Radon and Selling Your Home
Allow Your Buyers to Breathe Confidently in Their New Home
You or your buyer had a radon test done and your home’s radon levels came back high. Now what?
You may have had your home tested for radon before putting it on the market. Or, perhaps your buyer chose to have a radon test done during the home inspection. If the radon levels come back elevated, your buyer may require you to install a radon mitigation system before closing on the home or ask for a price reduction to cover the cost of installing one themselves.

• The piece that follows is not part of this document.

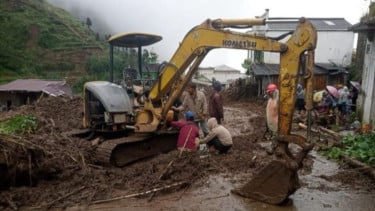 Kerahkan Dua Alat Berat, Pemkab Batang Percepat Penanganan Akses Jalan Dua Lokasi Longsor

Most buyers will require that radon levels are below 4 pCi/L and some may even require levels below 2 pCi/L. American Radon Mitigation specializes in reducing radon levels as low as possible, often below 1 pCi/L. We perform more diagnostic testing than our competitors do and take extra steps to be able to achieve this. For this reason, we’re never the cheapest option.

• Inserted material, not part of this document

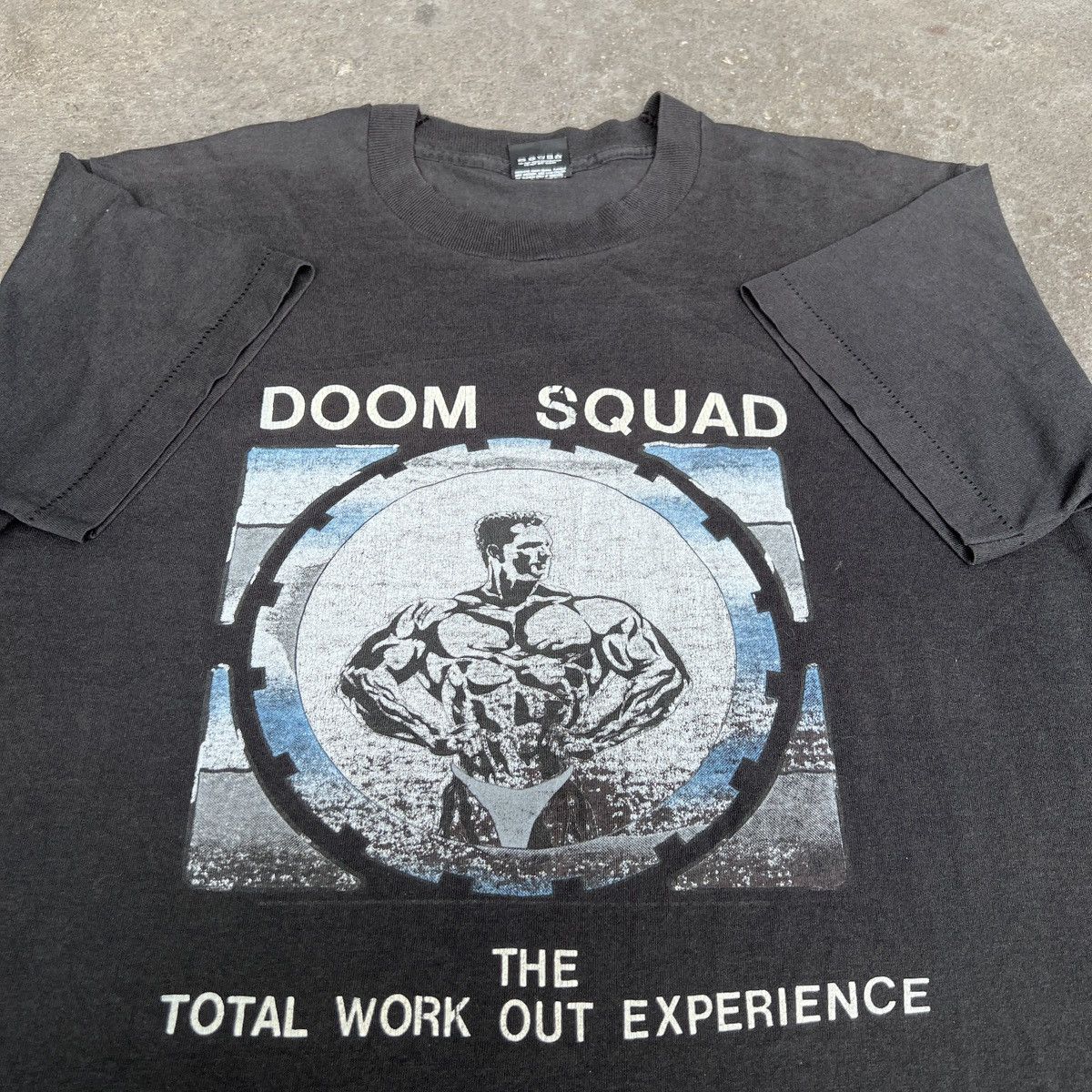 Vintage Vintage 90s DOOM SQUAD Gym Fitness Promo Tee L Faded Size US L / EU 52-54 / 3 - 1 Thumbnail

If your home has tested high for radon, you, the seller, have two options:
- Reduce the price of the home so the buyer can purchase their own radon mitigation system. Most buyers actually prefer this option, as it puts them in control of the system they purchase and the company they work with. It also requires no out-of-pocket investment on your part.

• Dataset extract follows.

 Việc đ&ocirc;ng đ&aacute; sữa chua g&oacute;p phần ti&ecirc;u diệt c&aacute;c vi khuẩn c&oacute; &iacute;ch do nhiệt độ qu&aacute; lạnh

- Pay for a radon mitigation system yourself. We recommend this option only if the buyer insists on it. When you’re selling your home, radon mitigation often comes down to two things: cost and time. You’re under pressure to find a radon mitigation contractor who will install a system at a low cost and on a tight timeline. In our experience, this often means our competitors install sub-par systems that don’t reduce radon to levels that mitigate health risks. That’s why it’s best to put the responsibility of purchasing a radon mitigation system on the buyer’s shoulders.
Your Obligations to the Buyer
Did you know the Minnesota Radon Awareness Act of 2014 requires you to disclose whether or not your home has been tested for radon? If you’ve had radon testing done at your home, make the following documents available to potential buyers:
- Radon test disclosure form with records and a description of any radon concentrations and the steps you took to mitigate
- “Radon Warning Statement” outlining the health risks of radon
- Two-page “Radon in Real Estate Transactions” publication
American Radon Mitigation’s owner Jesse Green was recently a guest on Real Estate Ready 360 to discuss radon’s role within the real estate industry.